On avait recours aux bœufs, lents mais puissants et dont la litière abondamment enrichie par l’urine et les bouses fournissait l’unique engrais utilisé à l’époque. Mais, lorsqu’il était nécessaire d’effectuer un long parcours avec une charge même relativement légère, leur lenteur devenait un véritable handicap.

C’est ainsi que l’on vit apparaître vers 1850, à peu près à l’époque où l’on développa la forêt de pins, les attelages de mules principalement destinés aux charrois du bois pour l’industrie, du gravier et des matériaux de construction pour les voies de chemin de fer et le développement du réseau routier. On vit peu de mules dans les formes : être muletier devint un véritable métier à plein temps. On se poserait les bêtes du Poitou ; une fois dressées on les revendait dans les landes ; il existait des marchés spécialisés à Tartas, à Soustons et à Morceux, pour ne citer que les plus importants. Bien vite on comprit qu’il pourrait être intéressant d’en élever sur place et bientôt on vit apparaître des centres d’élevage à Aire ou à Peyrehorade. Au moment du plus grand développement de ce mode de transport on estime à dix ou quinze mille l’effectif du cheptel mulassier : divisez par deux, car les mules travaillaient par paires, et cela vous donne approximativement le nombre d’artisans muletiers.

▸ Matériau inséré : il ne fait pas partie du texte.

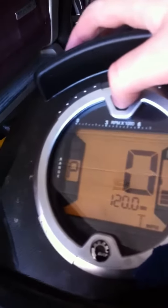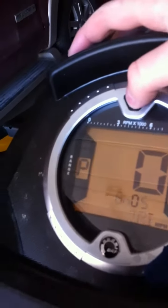Got a nice gauge pod on here. It's already got 119.6 miles on it.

Les mules tiraient de lourds chariots à deux roues ferrées, les « bros », indifféremment utilisés pour elles ou pour les bœufs ; leur joug, très simple, ressemblait à une échelle ; celui des bœufs, plus lourd, plus travaillé, était en forme d’accolade. Les « bros » s’enlisaient facilement dans les chemins sablonneux de la forêt. On les améliora sensiblement dans les années trente, en les munissant de roues métalliques à gros pneus : ils purent ainsi supporter de plus lourdes charges. Mais les tracteurs, apparus après la guerre de 14-18, se répandaient de plus en plus ; après 1945, ils supplantaient définitivement les attelages ; le métier de muletier disparaissait après avoir fourni pendant un siècle du travail à un nombre appréciable de Landais, qui formaient une sorte de classe à part de travailleurs indépendants, un peu nomades, formant une sorte de confrérie ayant ses rites et ses règles, ses lieux de rencontre, analogue d’une certaine façon à celle des modernes chauffeurs routiers.